WHAT IS EXPECTED :: Exactly the lines from the one containing "Harvesting wild honey" through the end of the data, and nothing more, should be retyped; pictures stay out.

PROVIDED MATERIAL ::
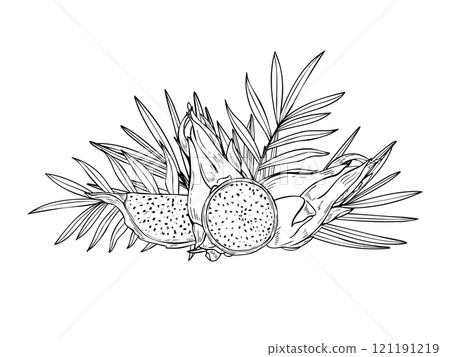 Tropical sweet pitahaya dragon fruits and tropical leaves graphic composition painted by black inks. Fruit slices, foliage vector etching drawing. Food ingredient for summer dessert recipes. 121191219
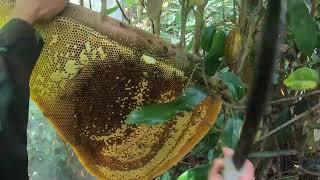 Harvesting wild honey and encountering very aggressive bee hives [upl. by Ellenahs]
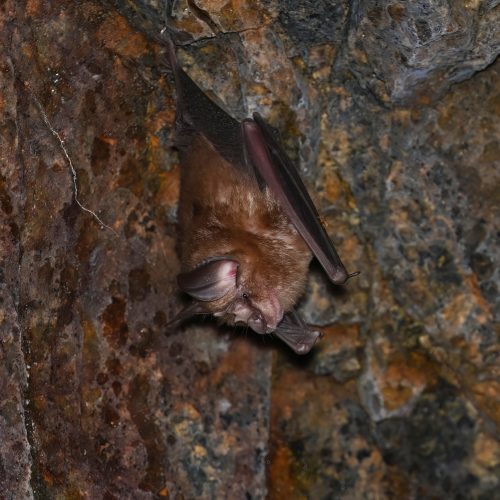 ©Navid Tam (All Rights Reserved)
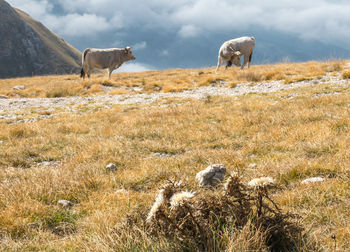 Sheep in a field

RESULT FOR THIS TASK ::
 Harvesting wild honey and encountering very aggressive bee hives [upl. by Ellenahs]
 ©Navid Tam (All Rights Reserved)
 Sheep in a field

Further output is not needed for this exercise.